Published online by Cambridge University Press: 28 January 2012
What is now Canada and Quebec remains marked by unequal relations of difference initiated by the advent of European explorers and settlers. Instead of assuming any perceived end of coloniality such as Canadian Confederation in 1867, legislative independence with the Statute of Westminster in 1931, the establishment of Canadian Citizenship in 1947, or the patriation of the Canadian Constitution in 1982, this chapter reads the postcolonial spaces of Canada as persisting in ongoing relations of power, dominance, contest, dialogue and negotiation in a field originally constituted by the moment of colonial contact. Initial settler relationships with indigenous populations, with their respective European imperial centres, and with other settlers (including here the colonies to the south, which in turn will become an imperial power) are complicated by other diasporas arriving later from everywhere on the globe, altering any previous emotional, social, economic, political and symbolic geographies of North America.
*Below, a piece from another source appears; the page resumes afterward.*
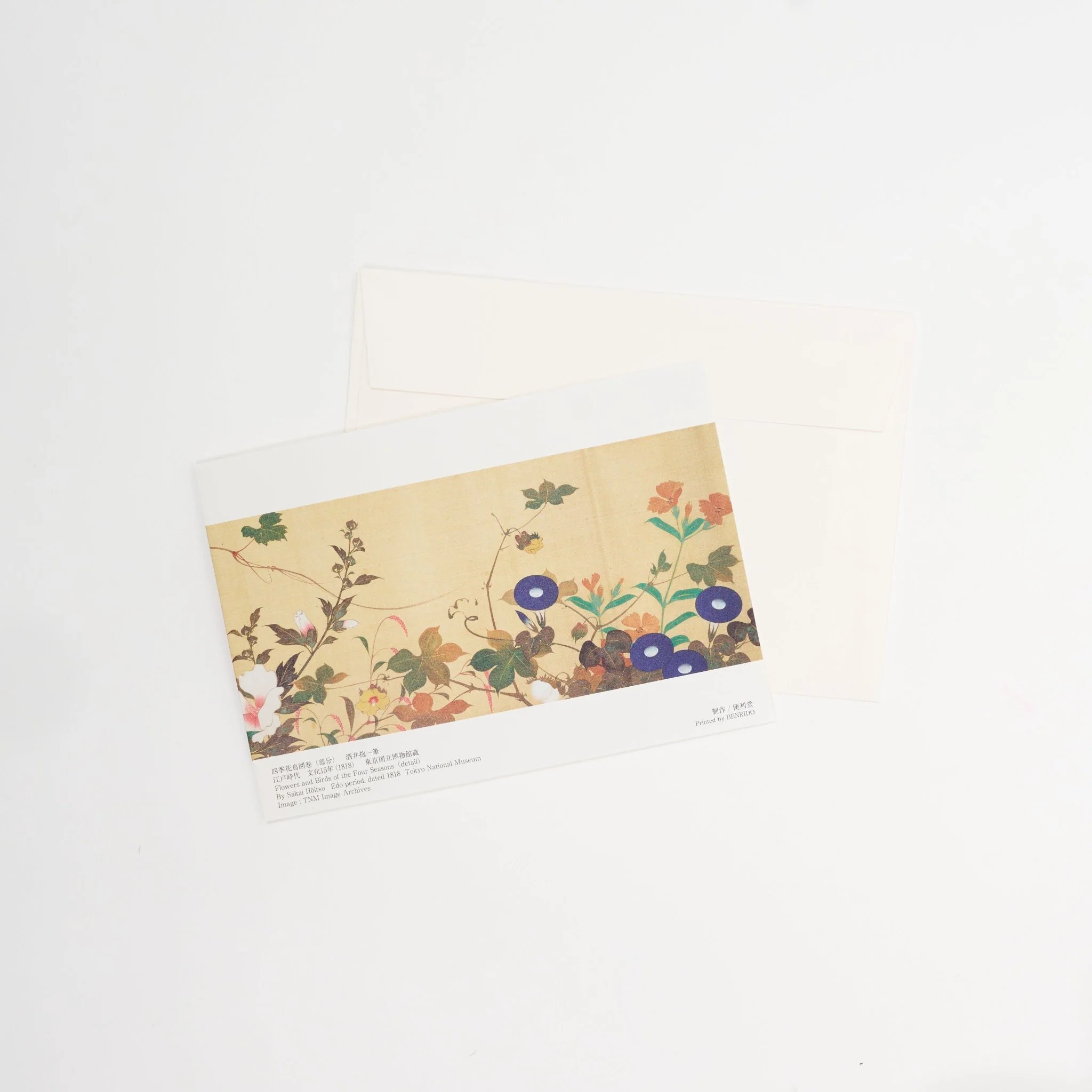 Four Seasons Flowers and Birds Scroll Greeting Card / Benrido - Image 5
The inclusion of black, indigenous and other minority and subaltern writing from Canada appears uncontested in postcolonial studies, although this corpus certainly requires more visibility and discussion with attention to Canadian specificity. Theorists including Stephen Slemon, Linda Hutcheon, Donna Bennett, Diana Brydon and Cynthia Sugars have also argued, however, for the importance of other writing from settler nation states like Canada for postcolonial studies. That view is in keeping with the earlier suggestion by Ashcroft, Griffiths and Tiffin in The Empire Writes Back that the term ‘postcolonial’ should ‘cover all the culture affected by the imperial process from the moment of colonization to the present day’.